WORK INSTRUCTION: Beginning at the line that holds "X&acirc;y dựng đơn", repeat every line through the last line of the material, exactly, and drop any pictures.

RECORDED DATA:
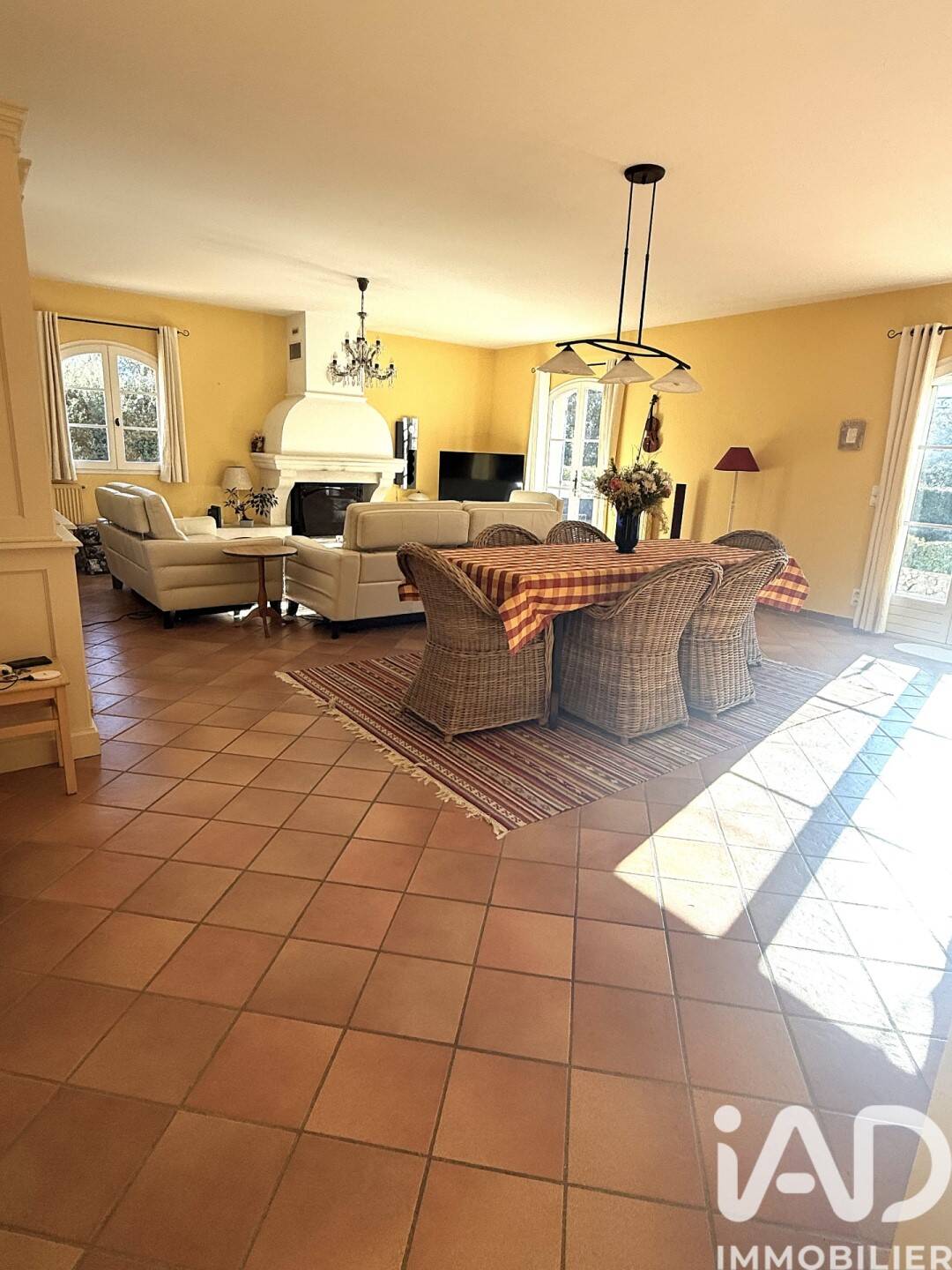 Maison à vendre, 180m², FLASSANS SUR ISSOLE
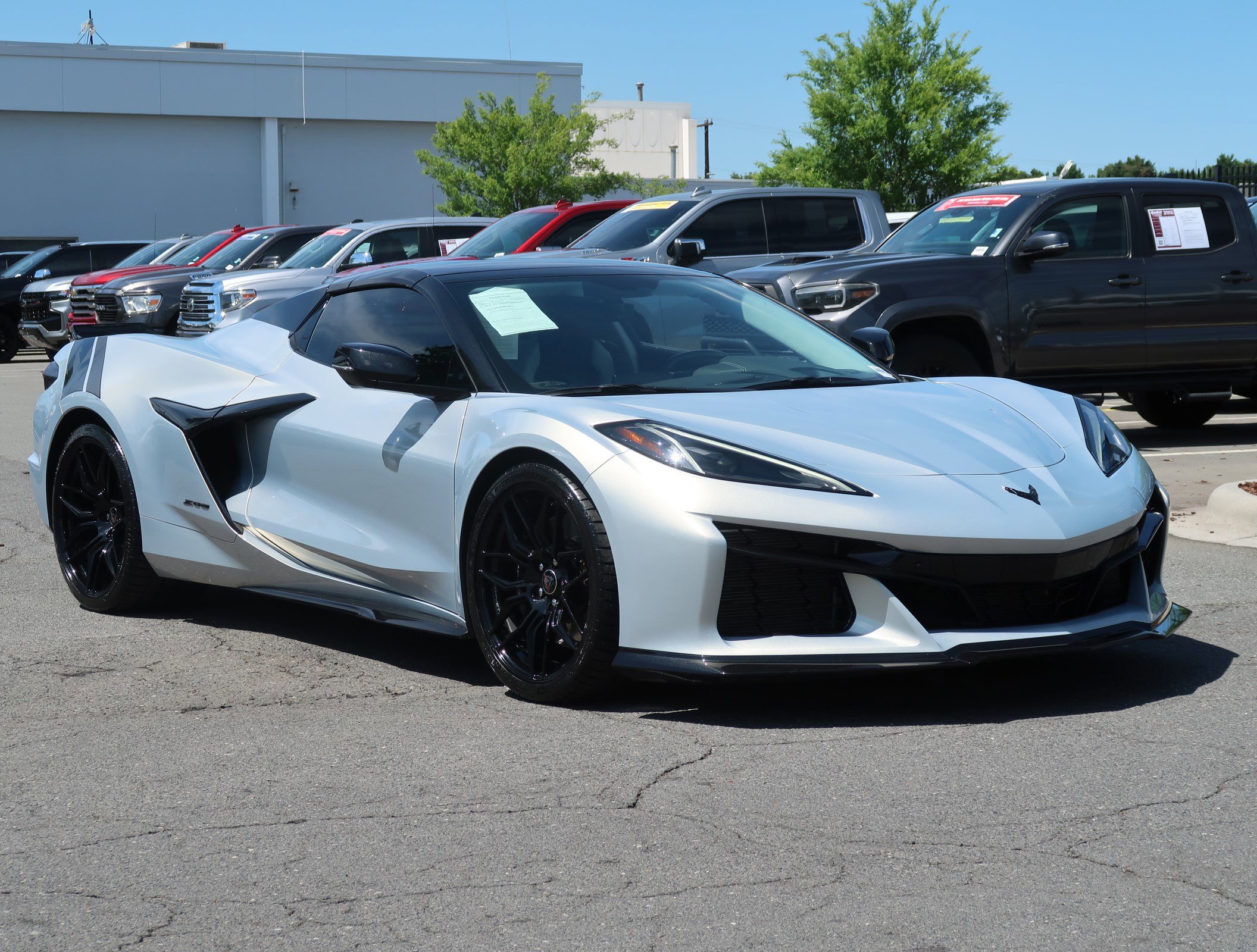 Used 2023 Chevrolet Corvette Z06 w/ Battery Protection Package RWD video 2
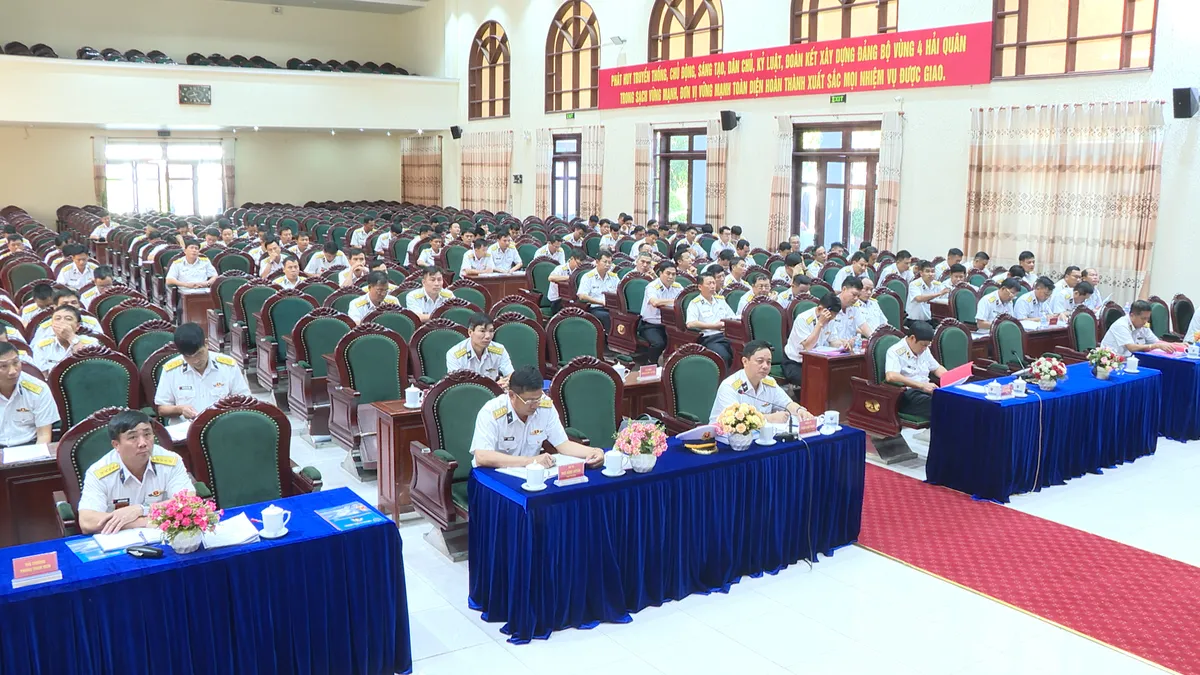 X&acirc;y dựng đơn vị vững mạnh to&agrave;n diện, mẫu mực, ti&ecirc;u biểu - Ảnh 2.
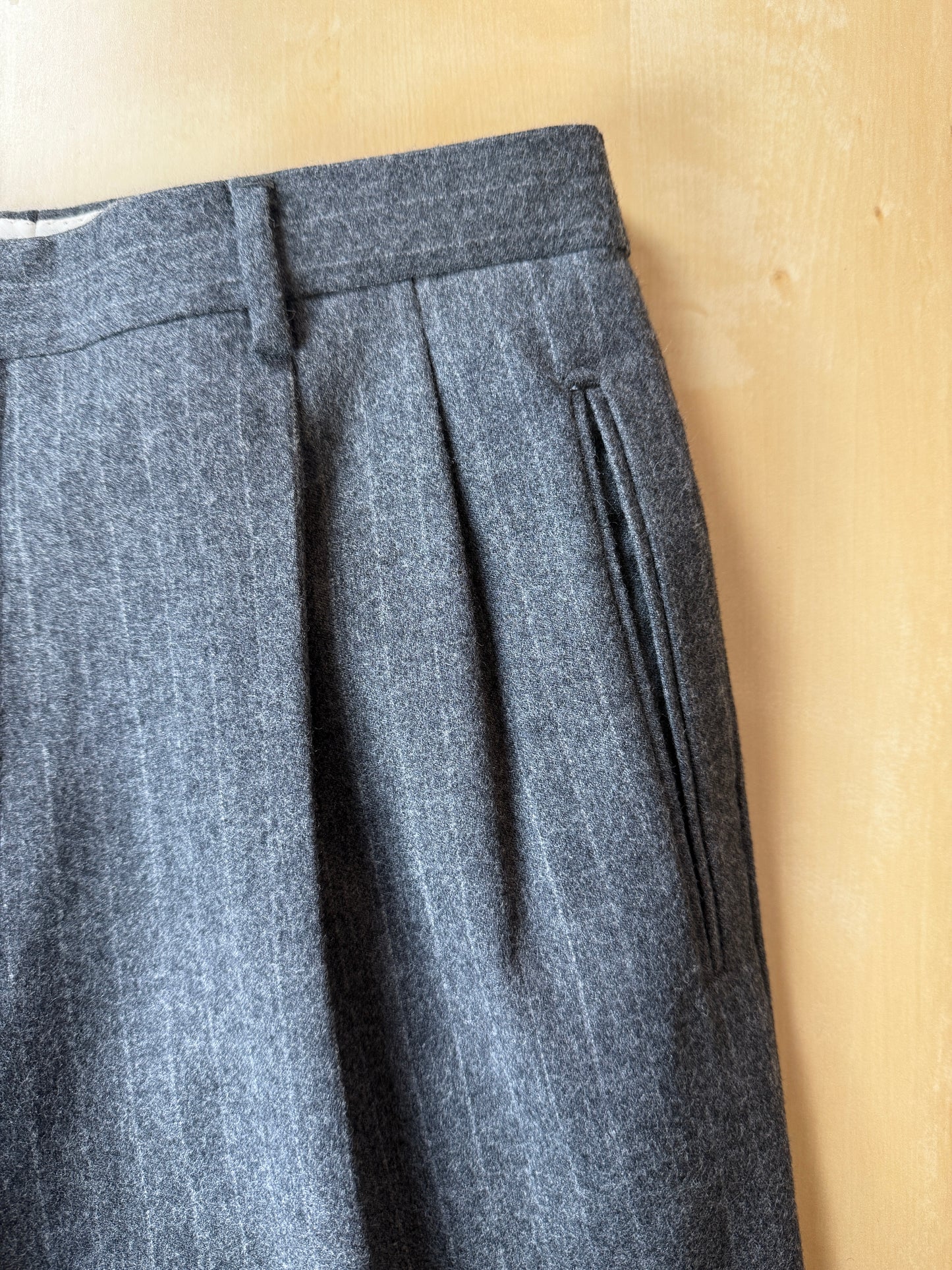 Completo doppiopetto flanella grigio gessato anni ‘80/‘90 - tg. 48/50, drop alto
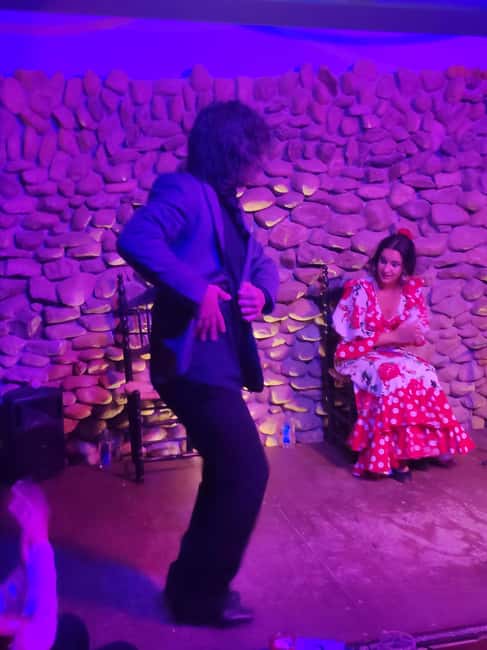 Malaga: PREMIUM TAPAS TOUR Paella, Tapas, Winery & Flamenco - Who will enjoy this evening most?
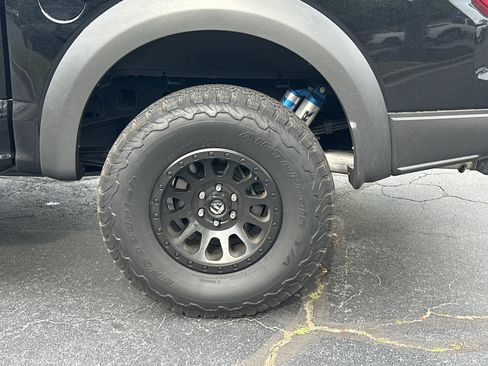 Used 2018 Ford F150 Raptor w/ Equipment Group 802A Luxury AWD/4WD image 8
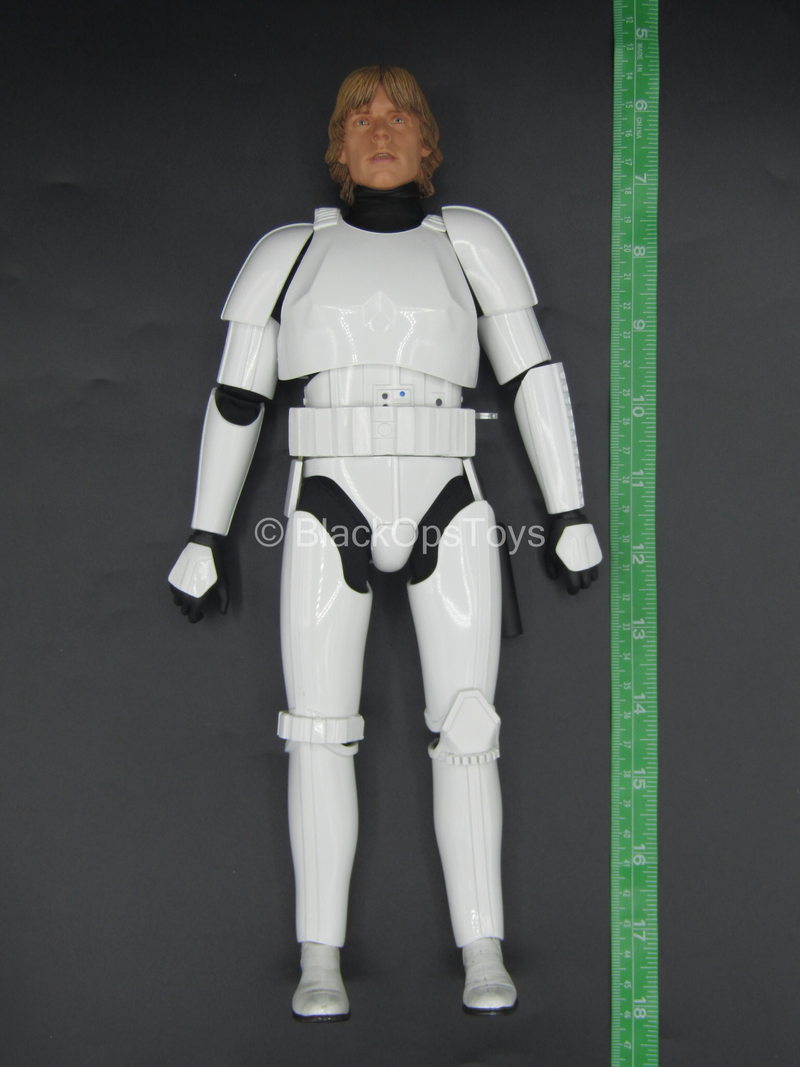 Load image into Gallery viewer, Comicon Exclusive - Star Wars - Luke Skywalker In Stormtrooper Disguise
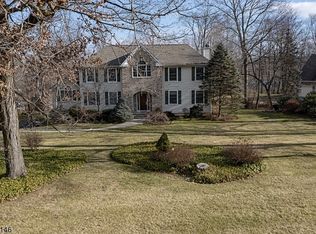 33 Morning Star Dr, Sparta, NJ 07871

REPLY:
 X&acirc;y dựng đơn vị vững mạnh to&agrave;n diện, mẫu mực, ti&ecirc;u biểu - Ảnh 2.
 Completo doppiopetto flanella grigio gessato anni ‘80/‘90 - tg. 48/50, drop alto
 Malaga: PREMIUM TAPAS TOUR Paella, Tapas, Winery & Flamenco - Who will enjoy this evening most?
 Used 2018 Ford F150 Raptor w/ Equipment Group 802A Luxury AWD/4WD image 8
 Load image into Gallery viewer, Comicon Exclusive - Star Wars - Luke Skywalker In Stormtrooper Disguise
 33 Morning Star Dr, Sparta, NJ 07871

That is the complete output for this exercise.